Duhai… Maha Suci Engkau wahai Allah swt yang mengizinkan hamba pendosa ini kembali bertatap muka, mendapat wejangan, bahkan 1 pesawat dengan beliau dengan kesempatan berbincang yang cukup lama.
Lalu hamba akan menghadap pula hamba yang paling kau cintai, Sayyidina Muhammad saw, kota Madinah yang penuh sejarah keluhuran, berziarah dan mendekatkan tubuh ini hingga berjarak beberapa meter saja dari jasad Rasul saw, jasad Sayyidina Abubakar Shiddiq ra, jasad Sayyidina Umar ra, lalu menuju pemakaman Baqi’ yang selalu sering diziarahi Rasul saw dimasa hidup beliau saw, yang dimakamkan banyak para sahabat dari Muhajirin dan Anshar, bahkan Putri Rasul saw tercinta, Sayyidah Fatimah Azzahra ra. Juga banyak jasad Ahlu Badr dan Ahlul Uhud.
Lalu menuju Miiqat dan menggunakan Ihram, untuk menunaikan ibadah Umrah di Makkah Almukarramah, dengan tawaf, melewati langkah langkah Nabi Ibrahim as dan Nabi Ismail as ketika keduanya membangun ka’bah. Lalu sa'i dari bukit Shafa menuju Marwa sebanyak tujuh kali hingga berakhir di Shafa, mengikuti langkah Siti Hajar as, yang bersabar atas perintah Allah swt untuk menjaga putranya yang masih kecil di tengah lembah Makkkah yang belum dihuni siapapun, ditinggalkan oleh suaminya yaitu Nabi Ibrahim as yang diperintahkan menuju Palestina, lalu sekembalinnya Nabi Ibrahim as ke Makkah, putranya yaitu nabi Ismail as sudah dewasa, dan Siti Sarah as sudah lama wafat.

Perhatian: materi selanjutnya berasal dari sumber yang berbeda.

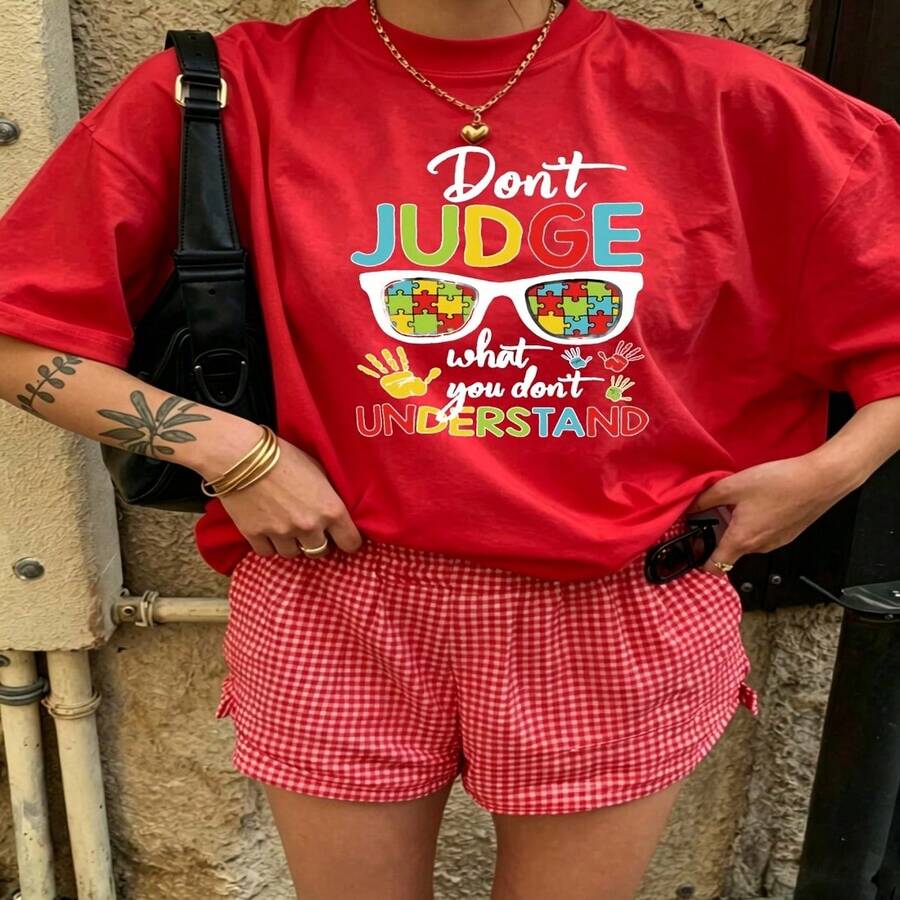 Heartfelt Daily Casual Graphic T-Shirt 100% Cotton Oversized Soft Breathable Casual Crewneck Short Sleeve Top Cute Aesthetic Daily Wear For Casual Wearers Fashion Lovers Daily Outfit Enthusiasts Gift Givers - 紅色 - 查看 1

Lalu tahallul, menggunting sedikit rambut, lalu bersiap-siap meninggalkan Makkah menuju Jeddah, dan menuju kota Tarim Hadramaut, berziarah pada Imam Ahmad Almuhajir, Imam Faihil Muqaddam, Imam Abdurrahman Assegaf bin Muhammad Mauladdawiilah, Imam Abdullah bin Alwi Alhaddad, Imam Abdullah Alaidrus, Imam Fakhrul Wujud Abubakar bin Salim, dan para imam imam arif billah disana. Lalu kembali ke indonesia.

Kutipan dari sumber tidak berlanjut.